World Championships Update

The new look Pedalers Post features a story from the last seven days in the world of cycling worth talking about, if you haven’t been already. This week we catch up with the first four days of the UCI Road World Championships in Doha, Qatar. So far we’ve seen all the Time Trial disciplines being contested, with British riders podiuming in the Women’s TTTs.

Women’s Time Trial
Amber Neben (USA) produced one of the shocks of the week by taking her second World Time Trial Championship, eight years after her first. The 41 year old beat Dutch rider Ellen van Dijk by just under six seconds. Katrin Garfoot of Australia took the bronze with a time of 36:35. The highest placed British rider was Hannah Barnes, who stopped the clock two minutes down on winner Neben, and finished 14th.

Men’s Time Trial
Tony Martin secured his fourth World Time Trial Championship with a time of 44:43, ahead of Vasil Kiryenka (BEL) and Jonathan Castroviejo (ESP).

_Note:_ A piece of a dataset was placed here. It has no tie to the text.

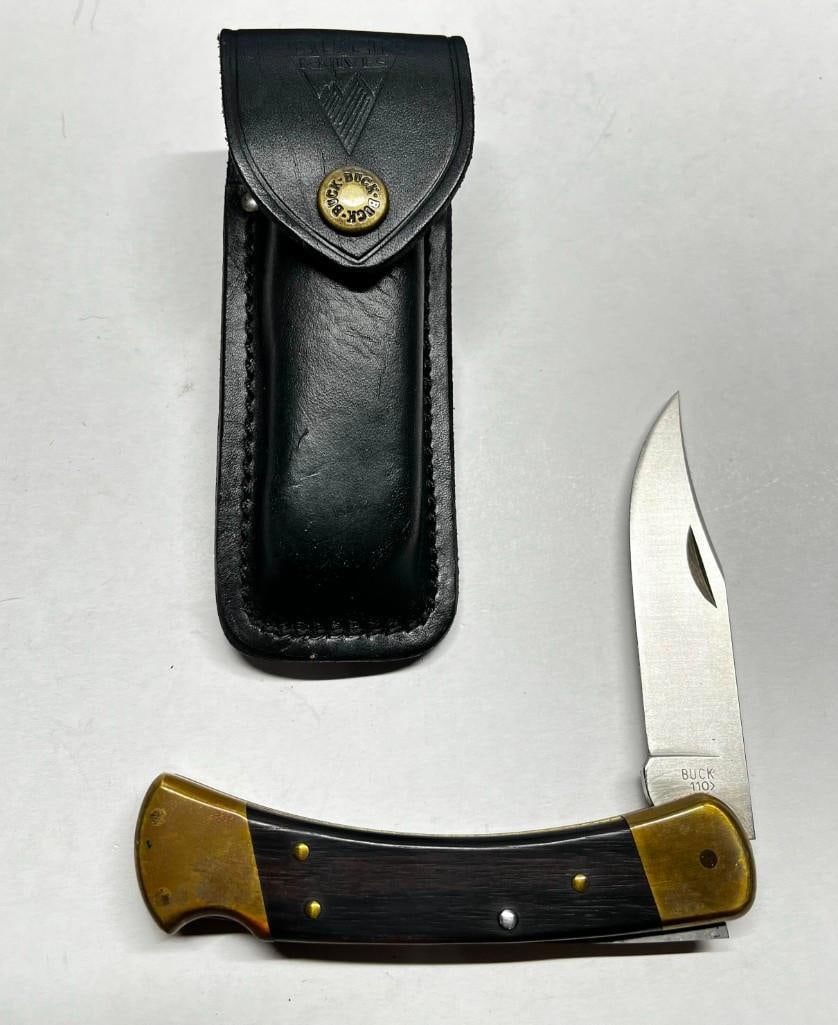 Buck 110 Usa Single Blade Lockback Pocket Folding Knife With Leather Case (1 of 6)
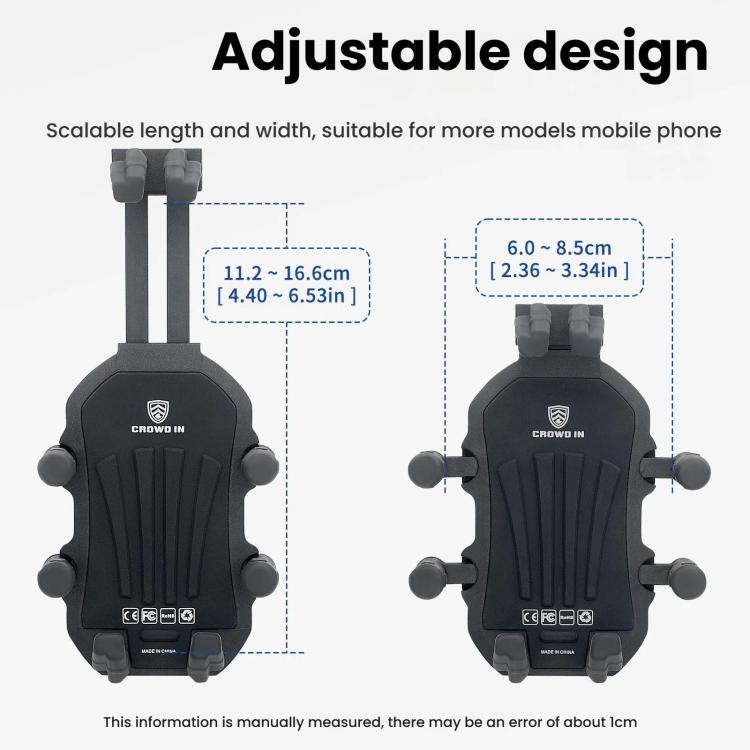 Motorcycle Rearview Mirror Mount Aluminum Alloy Shock-absorbing Mobile Phone Holder - Black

Martin had previously announced he would be reverting back to his old time trial style, and that decision seems to have been vindicated by his timely return to form. The highest placed Brit was Movistar’s Alex Dowsett who finished 12th.

Women’s Team Time Trial
Boels Dolmans Cyclling crossed the line in a time of 48:32, to win by 48 seconds from Canyon SRAM Racing. The Boels Dolmans team featured Brit Lizzie Deignan (née Armistead), whilst the Canyon SRAM team featured fellow Brit Hannah Barnes. Rounding off the podium was Cervelo Bigla Pro Cycling, featuring another British rider, Lisa Klein.

Men’s Team Time Trial
Etixx-Quickstep broke BMC Racing’s two year dominance of the TTT, stopping the clock with a time of 42:32. BMC finished 12 seconds down on the winners, whilst Australian team Orica-BikeExchange completed the podium. Team Sky finished fourth, 17 seconds off the podium and a further 37 seconds off winners Etixx-Quickstep.

Ones to watch
Mark Cavendish will be the main British interest in the Men’s Road Race, however he will have to watch out for fellow sprinters Andre Greipel and reigning champion Peter Sagan. If the wind picks up though it could be anyone’s race, so keep an eye out for the likes of Edvald Boasson Hagen should any splits in the field emerge.

Kirsten Wild of the Netherlands seems to be the sensible bet in the Women’s Road Race given her ten previous stage wins at the Tour of Qatar, whilst reigning champion Lizzie Deignan is perhaps Great Britain’s best hope of winning a medal.